Dante Cagliari has tried south Indian filter coffee. The grimace on his face indicates he does n’t particularly like it. For the seventy-six year old roast-master from Modena, Italy, coffee is a shot of espresso—deep, intense and very addictive, “Every characteristic of the bean comes out in an espresso,” he says.

Cagliari, who has a century-old family heritage of coffee behind him, is in Bengaluru to offer that knowledge to the Seven Beans Coffee Company, head-quartered in the Garden City.

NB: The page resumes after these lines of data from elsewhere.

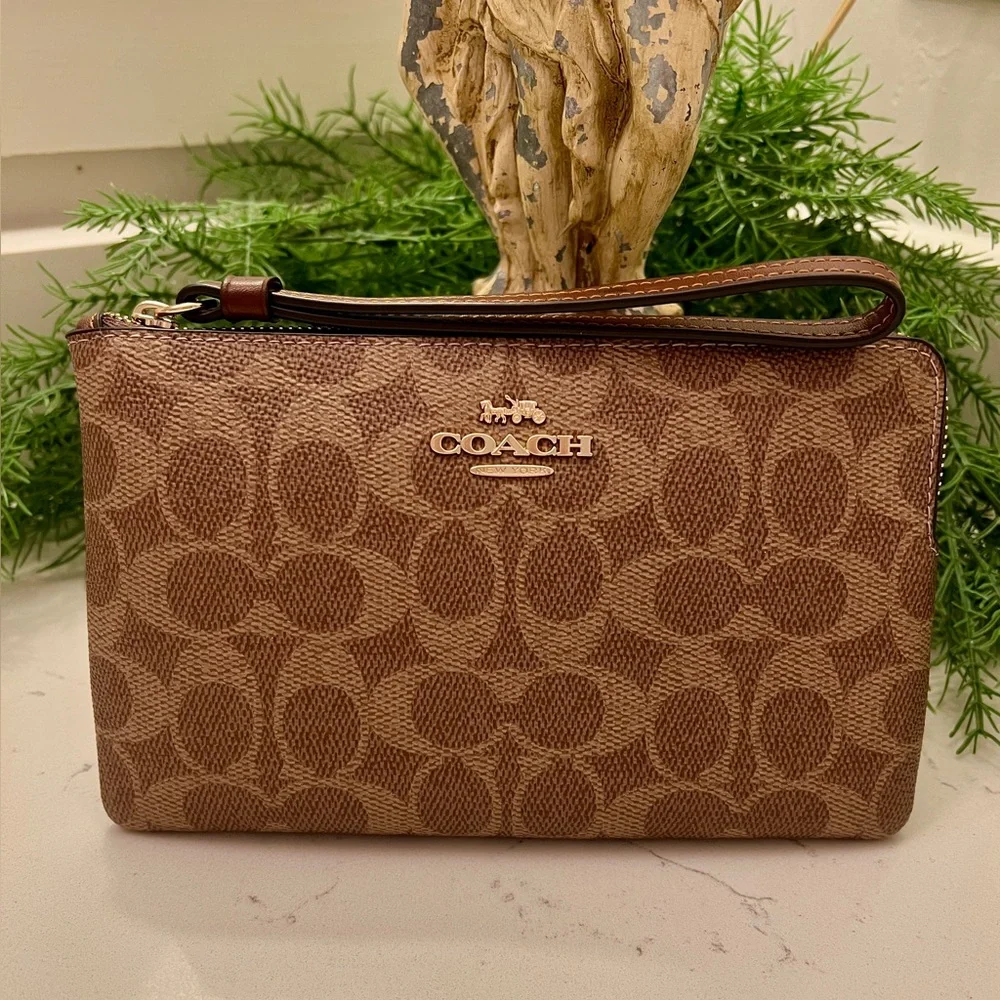 Coach Signature Tan Wristlet Clutch - Picture 2 of 5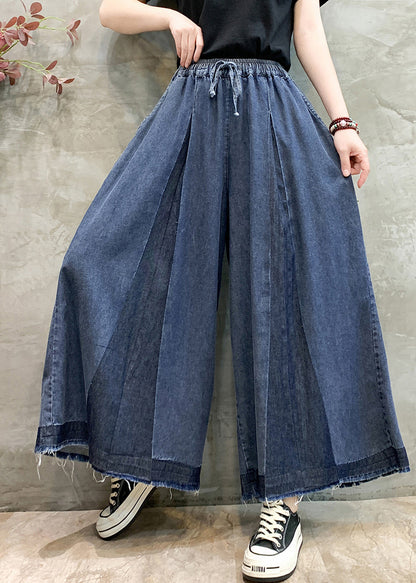 Wrinkled Denim Plus Oversized Leg Size Pants Navy Wide Summer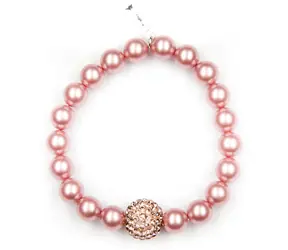 Náramek Rosaline Pearl / Rosa & Rosaline pearl / Nylon / Swarovski krystalky / Střední dárková krabička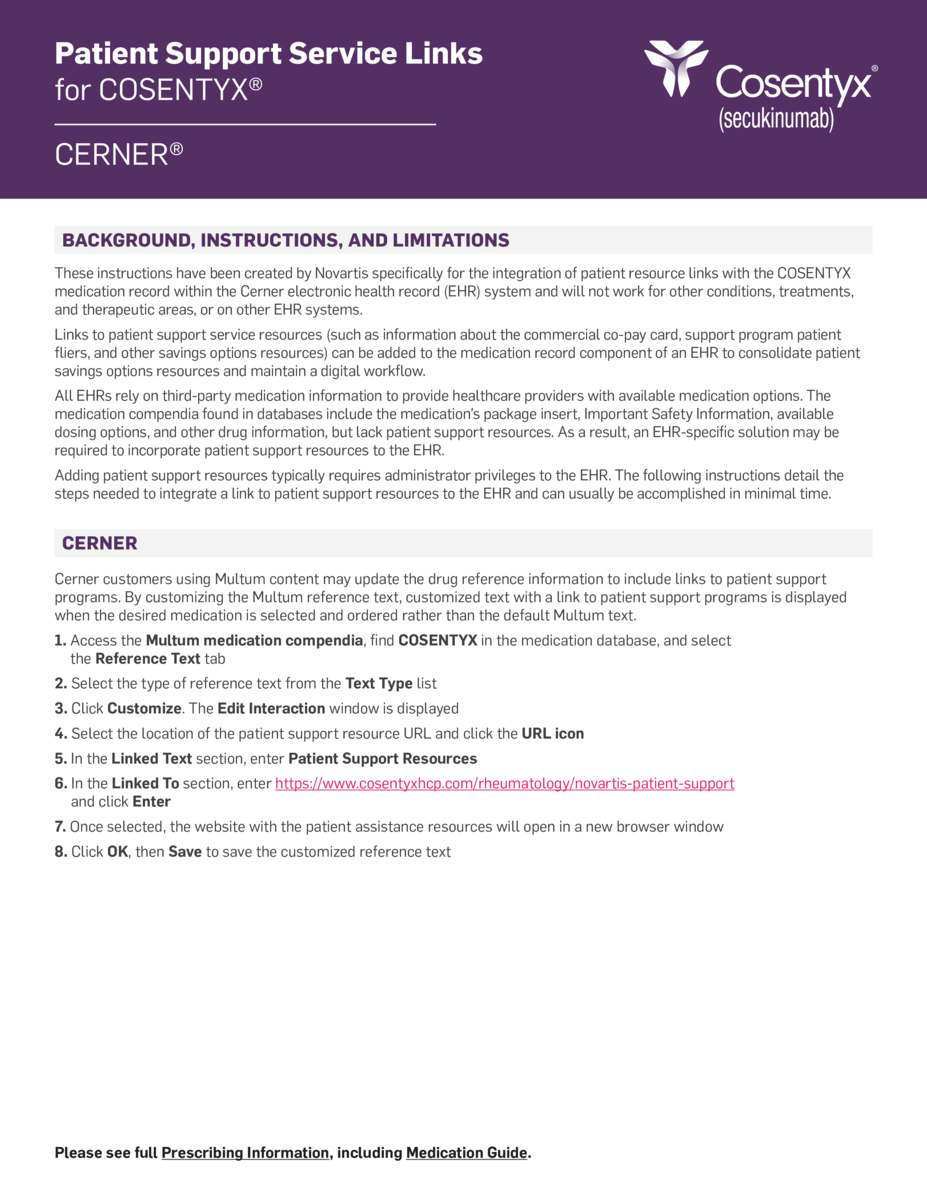 Cerner Patient Support Service Integration Tip Sheet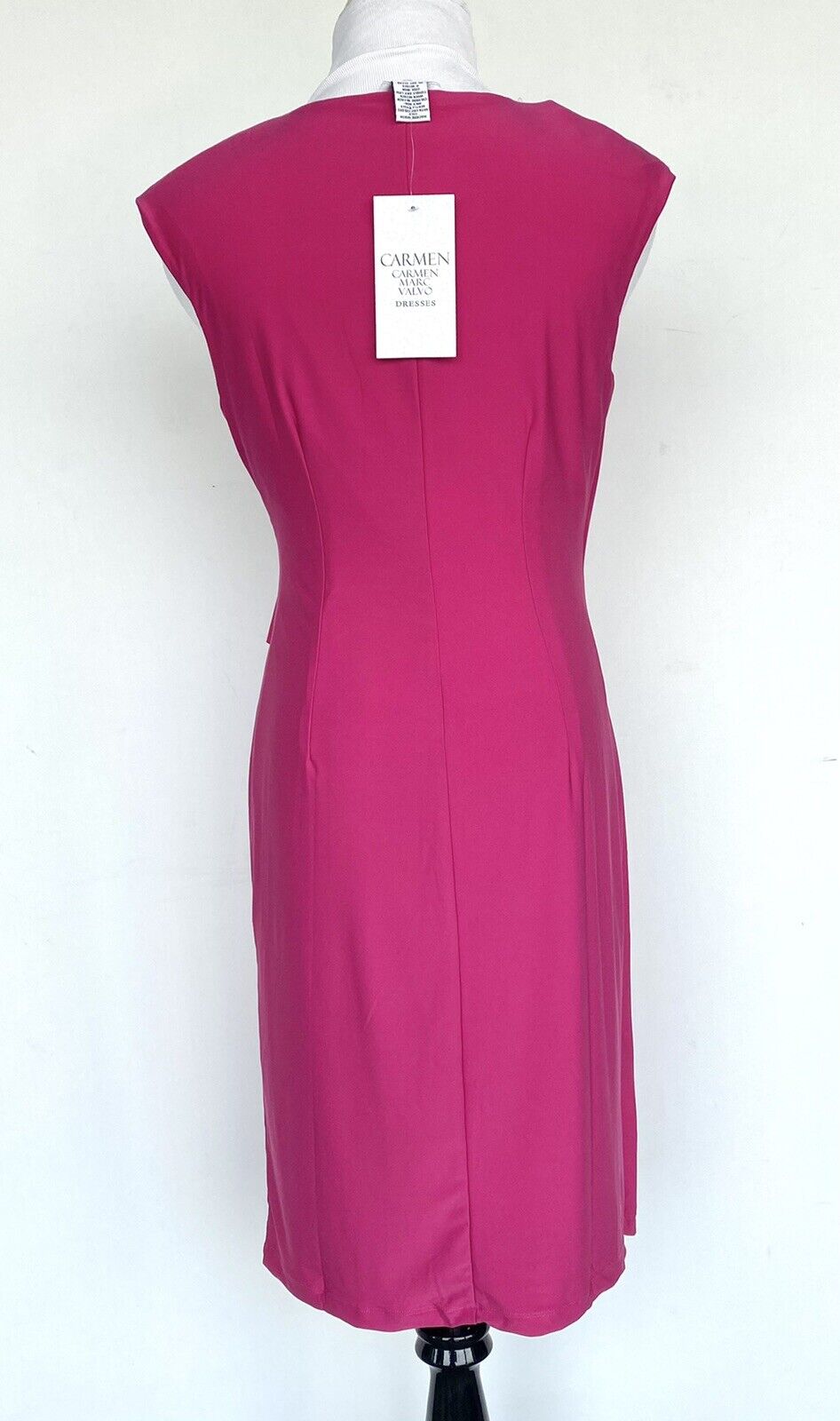 Carmen Marc Valvo M Pink Stretch Ruffle Front Dress Retail $98 Price $56 NWT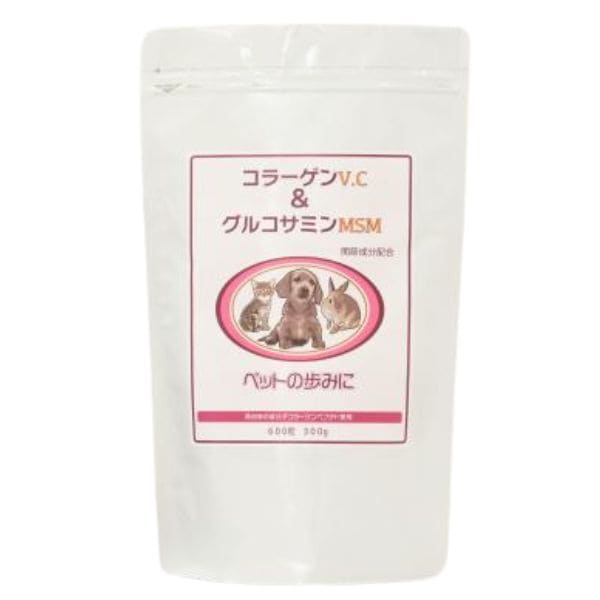 ペットの歩みに「コラーゲンV.C&グルコサミンMSM」500mg×600粒 犬サプリメント 関節 軟骨成分 コンドロイチン プロテオグリカン 高齢 犬サプリ ペットサプリ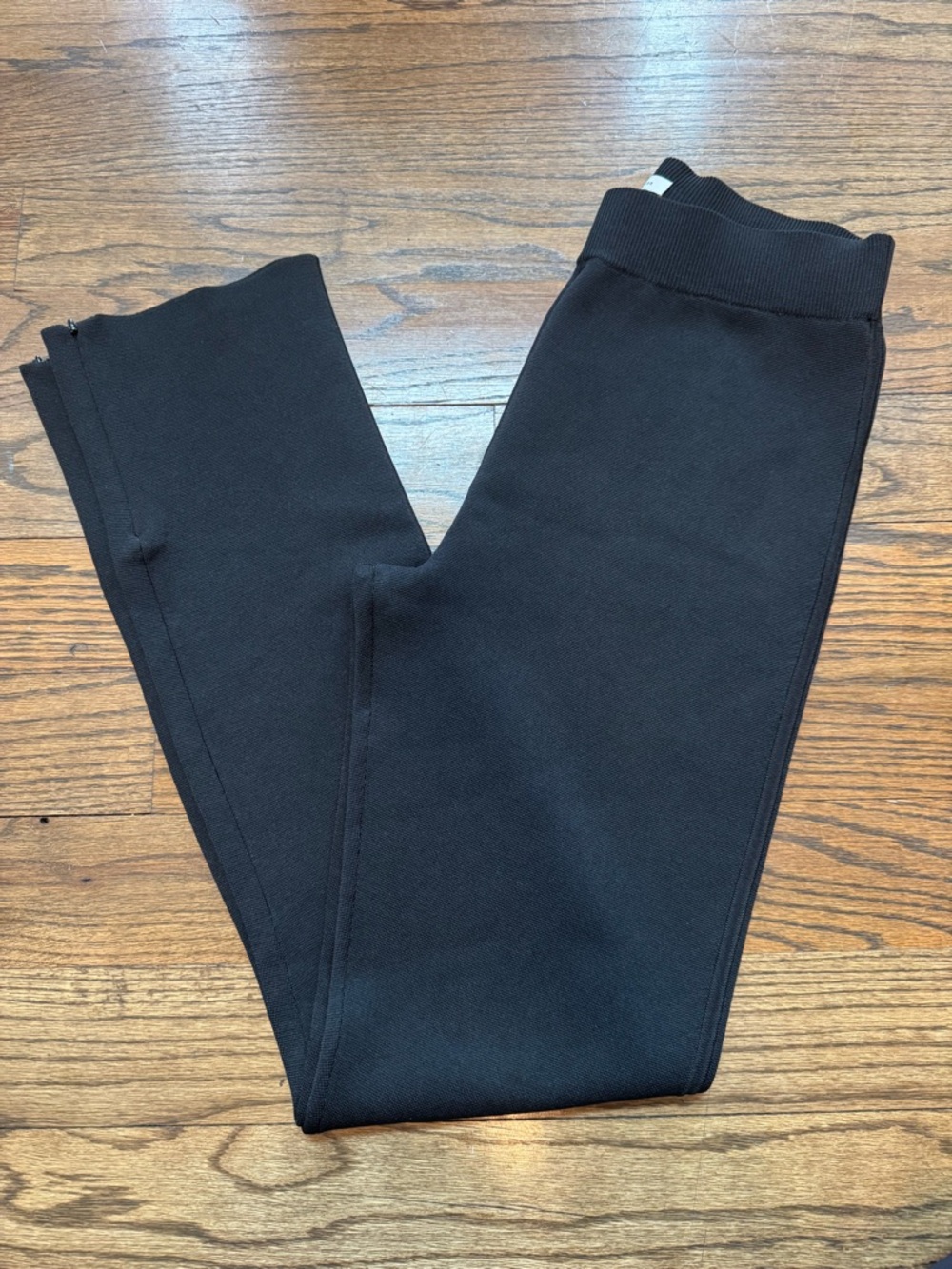 Rebecca Taylor Black Knit PullOn Pants Medium NWT Ankle Zip Slim Stretch Trouser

“I dedicate a lot of time to coffee, have written a book about it, made television presentations about it, taught a course on it at the University of Bologna,” he says, adding that he has also invented a machine for which sorts the unroasted, green coffee beans to separate the good from the bad. “I am considered something of an expert in Italy and our company produces only quality coffee—it is the same system we passed to our partners here,” he says.

Indian coffee beans may be among the best in the world now, after a decade of development and advances in the way beans are grown and processed here, but according to him, it is the Italian roasting technique that brings out its flavour to the fullest. Time is of essence for instance, and the ideal roasting time for Cagliari is 18 minutes.

“There are machines that roast in 4 minutes but this way you burn coffee outside, leaving the inside unroasted,” he says, adding that even though the machines used—both at Modena and at the Seven Beans manufacturing unit at Chikmagalur—is modern, “we use the most traditional ways of roasting it”.

Perfect Italian coffee is almost always a blend of coffees imported from different countries, “We import different origins to make a cup of complete harmony,” says Cagliari. India does not need to import coffee, however, to make a perfect cup. “You do not have to fill it with other origins of coffee as you already have a very good product available here,” he says.

Indian coffee often finds its way to Italian brew. According to the Coffee Board website that details the country-wise export of coffee between 1 January and 21 September , Italy is the world’s largest importer of Indian coffee.

“The demand for it is often so high that we don’t find it easily in Italy,” he says.

Espresso. Photo: iStockphoto

Coffee awareness has been going up considerably in India. More people are opening their mind to what he calls ‘modern coffee’—espresso and americano, for instance—where the flavours come from the brew itself and not the additions to it. “I think that even tea-drinking nations like India and China are opening up to coffee,” he says.

And what about the health hazards associated with its overconsumption? Cagliari dismisses it. “People think that coffee is not good for health,” he says. “In reality that depends on the way you roast and treat it,” he says, admitting that he himself partakes of around 14 shots a day, “I am 76 years old and I am in full form, no?” He grins. “I hope to do this for 50 more years.”